Page 10 of All the Ugly Things
Dad rolled his eyes behind his recently purchased glasses. He hated wearing them. That he did so early in the morning told me how tired he was.
With a heavy sigh, he frowned. “She said no.”
“Then leave her alone.” Because why… why in the hell couldn’t he leave her alone? We owed her nothing. We didn’t evenknowher. Hell, he’d already helped enough.
“She needs this.”
My dad was a bleeding heart. I admired the hell out of him for it. I admired the hell out of the way I grew up. There were usually so many damn kids in and out of our house, my sister and I were sometimes forced to room together. And we never cared. New friends all the time. A lot of enemies too, frankly, because not everyone who came through our doors left a better person. Some left just as angry, hating life and being as terrified as they’d been when they walked in our doors, regardless of how much Mom and Dad loved on them.
Helping people was what the Valentines did. And hell, my dad did it so much, he started being nicknamed Saint Valentine by the local press back when I was a kid.
He wasn’t a saint. He was a man who wanted to help people because he came from poor circumstances and had vowed to do what he could to make other people’s lives easier.
He was a good man. The best kind of man.
Sitting across from me, he looked worn and weary. And that pissed me off. Everything he was doing, it was wearing him down, and I’d already seen it happen with someone else. The last thing I needed was it happening to him.
I loved the man, but he was as hardheaded as they came. Mom used to say his skull was built from a construction worker’s helmet.
“Not all who wander are lost, remember?”
He shook his head, refused to see it. Maybe she had her own plan figured out. So she got some minor help along the way. She was smart enough to get to where she wanted to go.
“This girl isn’t wandering, she’s dead. Don’t you see it?”
I saw it. I saw it every time he talked about her and in every photo he’d shown me. I saw the hardness in the press of her jaw and the tightness in her eyes. I saw pain and the complete lack of life in her expression whenever he’d snap a photo when she was staring off into nowhere.
She’d probably call the cops. Have him arrested for stalking if she knew what we did.
But more than her pain, I saw the damage it did to my dad to see her, driving twenty miles out of his way, late at night, because she’d become an obsession. All due to a promise made years ago.
“She fixed my LX last night.”
That had me sitting up. “Excuse me?”
“Made some weird sounds on the way. Temp thing didn’t seem right. Whatever, I didn’t know anything. Mentioned something to her and she didn’t hesitate. Just went right outside, checked it out, and fixed it.”
“Jesus, Dad. Why didn’t you stop somewhere safer?” Her diner was perched between two strip clubs, a truck stop, and a hotel that rented rooms by the hour. Which was only part of the reason why my dad wanted to give her a job. It wasn’t safe for anyone, especially not someone who strolled up in a six-figure car. Or the girl who couldn’t hide she was beautiful enough to win pageants, even if she covered herself in heavy makeup and an ugly uniform. “Where is it now?”
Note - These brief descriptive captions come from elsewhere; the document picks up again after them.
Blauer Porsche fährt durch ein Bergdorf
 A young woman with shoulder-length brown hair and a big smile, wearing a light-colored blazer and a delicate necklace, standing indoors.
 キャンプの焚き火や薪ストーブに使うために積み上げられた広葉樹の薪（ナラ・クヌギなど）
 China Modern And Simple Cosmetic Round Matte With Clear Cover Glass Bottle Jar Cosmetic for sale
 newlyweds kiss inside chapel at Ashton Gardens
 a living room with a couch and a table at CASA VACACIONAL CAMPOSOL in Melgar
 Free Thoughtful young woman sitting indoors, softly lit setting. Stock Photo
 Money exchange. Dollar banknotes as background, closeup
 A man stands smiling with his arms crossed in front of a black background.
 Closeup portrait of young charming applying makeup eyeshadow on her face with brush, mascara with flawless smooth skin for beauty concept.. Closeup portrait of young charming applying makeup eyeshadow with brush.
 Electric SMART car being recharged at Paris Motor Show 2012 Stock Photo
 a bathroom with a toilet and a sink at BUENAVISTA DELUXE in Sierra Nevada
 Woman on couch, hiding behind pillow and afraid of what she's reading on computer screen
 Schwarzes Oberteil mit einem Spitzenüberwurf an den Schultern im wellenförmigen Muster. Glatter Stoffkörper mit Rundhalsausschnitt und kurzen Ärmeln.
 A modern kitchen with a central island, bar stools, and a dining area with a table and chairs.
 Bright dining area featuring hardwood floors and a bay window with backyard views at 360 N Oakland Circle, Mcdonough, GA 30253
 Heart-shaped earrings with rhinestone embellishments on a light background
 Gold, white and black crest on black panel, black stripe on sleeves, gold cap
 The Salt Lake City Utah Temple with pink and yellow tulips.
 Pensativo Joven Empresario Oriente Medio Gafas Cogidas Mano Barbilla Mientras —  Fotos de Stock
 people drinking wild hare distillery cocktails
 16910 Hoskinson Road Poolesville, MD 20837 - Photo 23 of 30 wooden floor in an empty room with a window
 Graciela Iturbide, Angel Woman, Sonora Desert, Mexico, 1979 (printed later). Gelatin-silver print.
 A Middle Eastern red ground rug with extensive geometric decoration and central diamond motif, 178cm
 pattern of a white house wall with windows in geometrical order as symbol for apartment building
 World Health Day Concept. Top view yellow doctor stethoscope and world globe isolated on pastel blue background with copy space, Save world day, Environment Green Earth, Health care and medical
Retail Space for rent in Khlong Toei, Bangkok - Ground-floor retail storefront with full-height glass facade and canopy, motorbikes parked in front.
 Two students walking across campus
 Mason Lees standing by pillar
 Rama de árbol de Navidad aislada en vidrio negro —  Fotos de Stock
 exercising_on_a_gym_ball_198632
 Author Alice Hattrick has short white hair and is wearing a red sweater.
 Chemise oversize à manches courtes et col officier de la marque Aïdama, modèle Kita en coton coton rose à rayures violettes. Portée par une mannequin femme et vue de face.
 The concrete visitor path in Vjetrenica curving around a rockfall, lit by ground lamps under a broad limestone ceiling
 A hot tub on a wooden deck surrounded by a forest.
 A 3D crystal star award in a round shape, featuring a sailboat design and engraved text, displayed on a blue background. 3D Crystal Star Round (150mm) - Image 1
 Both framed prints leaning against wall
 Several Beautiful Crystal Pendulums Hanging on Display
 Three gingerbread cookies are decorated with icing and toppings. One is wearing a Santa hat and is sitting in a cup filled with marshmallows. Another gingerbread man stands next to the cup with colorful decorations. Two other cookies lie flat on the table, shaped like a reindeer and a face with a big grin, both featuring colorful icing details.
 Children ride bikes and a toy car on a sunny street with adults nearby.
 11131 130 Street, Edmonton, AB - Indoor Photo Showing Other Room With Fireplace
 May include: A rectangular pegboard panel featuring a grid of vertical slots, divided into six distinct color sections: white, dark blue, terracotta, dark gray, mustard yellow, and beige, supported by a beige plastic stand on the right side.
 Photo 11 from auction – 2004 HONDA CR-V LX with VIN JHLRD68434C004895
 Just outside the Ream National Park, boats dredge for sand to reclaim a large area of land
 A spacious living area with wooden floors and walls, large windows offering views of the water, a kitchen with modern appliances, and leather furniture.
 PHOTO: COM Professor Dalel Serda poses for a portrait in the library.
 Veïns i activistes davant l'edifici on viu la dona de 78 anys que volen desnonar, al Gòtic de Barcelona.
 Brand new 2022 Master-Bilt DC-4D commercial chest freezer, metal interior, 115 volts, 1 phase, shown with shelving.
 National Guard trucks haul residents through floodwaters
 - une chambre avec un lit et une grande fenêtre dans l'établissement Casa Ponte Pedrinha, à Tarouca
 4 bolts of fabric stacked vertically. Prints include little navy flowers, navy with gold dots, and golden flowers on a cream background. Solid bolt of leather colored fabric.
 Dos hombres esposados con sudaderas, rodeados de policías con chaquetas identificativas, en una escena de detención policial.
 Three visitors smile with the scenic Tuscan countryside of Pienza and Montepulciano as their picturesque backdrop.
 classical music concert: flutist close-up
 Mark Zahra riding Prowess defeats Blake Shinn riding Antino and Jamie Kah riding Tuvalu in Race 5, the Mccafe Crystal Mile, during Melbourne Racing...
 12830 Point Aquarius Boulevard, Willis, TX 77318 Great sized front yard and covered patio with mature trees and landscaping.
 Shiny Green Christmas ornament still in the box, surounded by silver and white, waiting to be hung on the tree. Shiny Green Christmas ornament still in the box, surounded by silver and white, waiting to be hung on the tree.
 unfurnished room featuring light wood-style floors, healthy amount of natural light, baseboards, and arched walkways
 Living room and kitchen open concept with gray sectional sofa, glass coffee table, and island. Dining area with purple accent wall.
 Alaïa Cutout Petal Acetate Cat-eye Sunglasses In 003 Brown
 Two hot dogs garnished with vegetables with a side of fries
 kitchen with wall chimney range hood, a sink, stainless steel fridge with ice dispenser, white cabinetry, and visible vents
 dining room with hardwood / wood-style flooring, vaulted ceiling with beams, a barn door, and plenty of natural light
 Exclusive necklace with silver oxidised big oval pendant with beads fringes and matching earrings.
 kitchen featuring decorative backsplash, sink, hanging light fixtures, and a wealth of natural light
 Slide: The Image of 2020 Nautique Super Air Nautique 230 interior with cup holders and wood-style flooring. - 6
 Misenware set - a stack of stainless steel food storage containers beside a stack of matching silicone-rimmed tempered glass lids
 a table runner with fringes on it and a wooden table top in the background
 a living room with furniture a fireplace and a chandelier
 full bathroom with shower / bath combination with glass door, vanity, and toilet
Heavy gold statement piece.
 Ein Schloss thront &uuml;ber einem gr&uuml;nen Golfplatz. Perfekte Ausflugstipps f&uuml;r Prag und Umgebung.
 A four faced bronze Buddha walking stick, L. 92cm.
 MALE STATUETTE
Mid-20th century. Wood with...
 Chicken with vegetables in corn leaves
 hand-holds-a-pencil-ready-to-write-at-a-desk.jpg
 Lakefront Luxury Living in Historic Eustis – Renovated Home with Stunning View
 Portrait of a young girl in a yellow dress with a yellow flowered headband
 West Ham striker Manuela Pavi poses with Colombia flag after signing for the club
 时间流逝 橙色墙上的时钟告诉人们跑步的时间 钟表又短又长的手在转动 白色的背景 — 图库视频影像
“At the dealership. Called Floyd. He had me bring it in and gave me a rental. I’ll get it back tonight.”
Relief pushed out a heavy breath through my lungs and I sat back, just in time to jolt forward again as my dad said, “I want you to go talk to her.”
“No way in hell.” My arms strained from the pressure I put on them, bracing them flat on my desk. “I told you I wouldn’t do that. You get her working here, I’ll treat her with all the respect she deserves, but you want this. Not me.”
“Melissa wanted it.”
“God, I hate it when you use her against me.” I swiped a hand through my hair and then pushed it to the side, scowling at my dad.
Stubborn as a mule.
“If she said no, what good would it do?”
“You’re younger and handsome. Maybe she’d trust you more than a man who might remind her of her father.”
“So I pretend, what—to be her brother?” Because the very idea had my stomach rolling. When I looked at her photos there was nothing brotherly I felt about her.
Exactly why I was not the guy for this.